What Is Forex Trading? This Is A Simple Concept And The Risks For Beginners That You Must Know

A simple business concept is part of a basic economic system that buys and sells goods and services for higher profits. Trade is the exchange of goods for money. So what is Forex trading?

CAT Institute, a training institute accredited by the Ministry of Education and Culture (Kemendikbud), reveals what Forex trading is from the basic word “Forex or foreign exchange “, which means a business transaction for the exchange of foreign currency in the financial market.

The transaction is made in order to profit from the difference between the purchase and sale prices. Forex trading is a transaction made by exchanging two different currencies in the foreign exchange market. What is the foreign exchange market?

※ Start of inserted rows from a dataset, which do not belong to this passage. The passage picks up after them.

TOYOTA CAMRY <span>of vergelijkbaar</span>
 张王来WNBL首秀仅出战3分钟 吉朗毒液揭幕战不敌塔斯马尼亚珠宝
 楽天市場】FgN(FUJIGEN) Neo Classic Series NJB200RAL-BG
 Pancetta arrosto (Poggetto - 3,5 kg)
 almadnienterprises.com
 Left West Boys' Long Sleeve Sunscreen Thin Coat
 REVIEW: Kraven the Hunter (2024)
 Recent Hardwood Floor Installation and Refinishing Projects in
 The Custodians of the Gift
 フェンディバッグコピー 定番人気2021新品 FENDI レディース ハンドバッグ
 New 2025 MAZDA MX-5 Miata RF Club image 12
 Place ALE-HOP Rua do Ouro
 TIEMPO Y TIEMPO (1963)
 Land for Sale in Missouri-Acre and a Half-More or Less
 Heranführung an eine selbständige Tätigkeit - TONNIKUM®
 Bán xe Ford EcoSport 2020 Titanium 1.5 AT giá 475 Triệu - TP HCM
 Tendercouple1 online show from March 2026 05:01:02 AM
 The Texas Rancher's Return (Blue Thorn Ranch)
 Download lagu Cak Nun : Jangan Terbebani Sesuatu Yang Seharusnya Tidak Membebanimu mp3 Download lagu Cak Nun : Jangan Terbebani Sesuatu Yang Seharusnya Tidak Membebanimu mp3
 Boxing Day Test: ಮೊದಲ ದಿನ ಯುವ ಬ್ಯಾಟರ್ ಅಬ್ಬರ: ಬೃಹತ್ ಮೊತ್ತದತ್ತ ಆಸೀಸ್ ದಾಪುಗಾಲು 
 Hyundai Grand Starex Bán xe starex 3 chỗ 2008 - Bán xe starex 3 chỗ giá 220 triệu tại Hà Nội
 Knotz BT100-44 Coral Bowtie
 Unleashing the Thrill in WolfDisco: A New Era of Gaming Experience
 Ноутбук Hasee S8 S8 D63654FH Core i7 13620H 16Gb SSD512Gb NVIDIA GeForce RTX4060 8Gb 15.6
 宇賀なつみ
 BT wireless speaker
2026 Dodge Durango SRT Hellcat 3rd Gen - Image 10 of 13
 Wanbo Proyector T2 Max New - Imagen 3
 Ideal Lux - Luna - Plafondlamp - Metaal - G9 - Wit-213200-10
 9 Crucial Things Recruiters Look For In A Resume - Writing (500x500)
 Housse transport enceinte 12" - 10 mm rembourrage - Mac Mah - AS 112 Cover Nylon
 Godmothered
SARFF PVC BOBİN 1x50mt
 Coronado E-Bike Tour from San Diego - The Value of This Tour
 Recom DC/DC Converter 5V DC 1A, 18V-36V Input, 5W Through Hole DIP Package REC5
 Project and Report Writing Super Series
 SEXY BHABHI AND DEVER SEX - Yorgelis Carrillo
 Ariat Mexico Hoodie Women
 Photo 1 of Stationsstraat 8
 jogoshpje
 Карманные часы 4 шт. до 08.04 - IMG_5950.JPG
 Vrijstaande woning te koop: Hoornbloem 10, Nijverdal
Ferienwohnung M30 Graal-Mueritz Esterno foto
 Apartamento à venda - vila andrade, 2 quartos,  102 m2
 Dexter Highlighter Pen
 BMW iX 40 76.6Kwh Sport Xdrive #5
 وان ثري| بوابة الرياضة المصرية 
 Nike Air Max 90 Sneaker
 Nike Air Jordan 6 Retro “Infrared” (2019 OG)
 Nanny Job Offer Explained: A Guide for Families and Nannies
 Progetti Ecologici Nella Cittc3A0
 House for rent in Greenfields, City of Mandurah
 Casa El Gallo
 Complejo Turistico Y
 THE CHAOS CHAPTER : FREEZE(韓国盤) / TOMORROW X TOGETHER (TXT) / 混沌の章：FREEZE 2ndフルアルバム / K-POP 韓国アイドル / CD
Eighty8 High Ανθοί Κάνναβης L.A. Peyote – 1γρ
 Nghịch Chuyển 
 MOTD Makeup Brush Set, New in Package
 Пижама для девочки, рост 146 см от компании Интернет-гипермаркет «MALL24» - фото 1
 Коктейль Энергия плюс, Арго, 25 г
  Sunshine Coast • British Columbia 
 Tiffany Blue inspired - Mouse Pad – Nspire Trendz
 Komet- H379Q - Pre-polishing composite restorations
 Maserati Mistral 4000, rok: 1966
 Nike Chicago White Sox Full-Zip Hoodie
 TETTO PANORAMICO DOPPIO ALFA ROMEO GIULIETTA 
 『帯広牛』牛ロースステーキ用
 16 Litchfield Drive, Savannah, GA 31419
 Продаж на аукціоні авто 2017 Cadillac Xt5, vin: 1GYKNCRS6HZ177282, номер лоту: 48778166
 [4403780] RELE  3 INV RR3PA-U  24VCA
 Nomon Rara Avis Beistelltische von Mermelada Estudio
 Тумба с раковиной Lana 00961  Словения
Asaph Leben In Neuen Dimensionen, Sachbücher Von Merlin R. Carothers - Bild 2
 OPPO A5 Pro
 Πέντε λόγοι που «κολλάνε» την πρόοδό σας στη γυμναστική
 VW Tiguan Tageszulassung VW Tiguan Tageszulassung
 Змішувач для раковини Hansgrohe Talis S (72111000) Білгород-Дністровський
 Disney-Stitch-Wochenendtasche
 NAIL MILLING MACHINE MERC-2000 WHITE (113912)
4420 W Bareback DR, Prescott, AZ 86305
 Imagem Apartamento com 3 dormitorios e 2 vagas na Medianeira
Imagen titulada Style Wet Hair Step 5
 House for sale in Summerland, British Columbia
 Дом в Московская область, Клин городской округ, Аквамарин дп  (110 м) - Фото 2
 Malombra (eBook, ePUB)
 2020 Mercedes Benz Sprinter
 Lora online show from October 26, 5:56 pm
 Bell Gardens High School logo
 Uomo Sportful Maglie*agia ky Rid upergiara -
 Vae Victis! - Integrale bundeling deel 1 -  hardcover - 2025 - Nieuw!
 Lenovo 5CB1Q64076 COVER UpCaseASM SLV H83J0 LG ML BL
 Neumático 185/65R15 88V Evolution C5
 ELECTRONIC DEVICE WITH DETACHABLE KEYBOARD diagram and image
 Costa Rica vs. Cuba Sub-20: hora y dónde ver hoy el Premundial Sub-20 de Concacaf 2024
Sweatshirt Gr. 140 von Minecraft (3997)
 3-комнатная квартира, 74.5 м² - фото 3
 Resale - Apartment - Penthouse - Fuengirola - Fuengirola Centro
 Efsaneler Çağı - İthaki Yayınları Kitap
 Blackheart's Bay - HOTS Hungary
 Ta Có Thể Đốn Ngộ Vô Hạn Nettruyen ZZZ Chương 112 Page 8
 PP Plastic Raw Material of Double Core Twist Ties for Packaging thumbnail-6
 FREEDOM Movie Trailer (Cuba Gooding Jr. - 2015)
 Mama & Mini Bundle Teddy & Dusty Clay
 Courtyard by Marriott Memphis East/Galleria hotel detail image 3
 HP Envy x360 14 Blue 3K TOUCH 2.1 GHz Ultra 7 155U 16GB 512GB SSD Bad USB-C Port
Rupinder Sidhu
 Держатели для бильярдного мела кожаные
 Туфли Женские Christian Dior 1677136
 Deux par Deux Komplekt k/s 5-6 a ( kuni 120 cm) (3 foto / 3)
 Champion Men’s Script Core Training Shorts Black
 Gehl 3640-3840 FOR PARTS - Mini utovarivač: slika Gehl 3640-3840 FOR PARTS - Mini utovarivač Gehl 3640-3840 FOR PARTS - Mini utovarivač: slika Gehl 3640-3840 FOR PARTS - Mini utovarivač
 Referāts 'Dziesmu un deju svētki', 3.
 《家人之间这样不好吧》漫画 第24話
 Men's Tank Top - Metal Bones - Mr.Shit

What is Forex Trading? This is a simple concept and the risks for beginners that you must know

What Is Forex Trading

Understanding the Forex trading that takes place in the Forex market, the CAT Institute explains that the liquidity of this market is quite high, since currencies are in circulation in all major countries of the world, trading can reach 4 trillion dollars a day, and it is idle around the clock. . – Stop the day from Monday to Friday.

Forex Trading Transaction Concept

The concept of Forex trading is to buy a currency at a price that is not much different from a normal buying and selling transaction and sell it at a high price. Forex trading is where you can profit from the difference between the buy and sell prices.

The ability to master and analyze the forex market(s) is a major key to being a successful forex trader. CAT Labs talks about what to consider when preparing to trade in the Forex market. Any?

“The value of currencies is constantly changing and depends on the volume of international trade, interest rates, central bank and government policies and other economic indicators”, he explained.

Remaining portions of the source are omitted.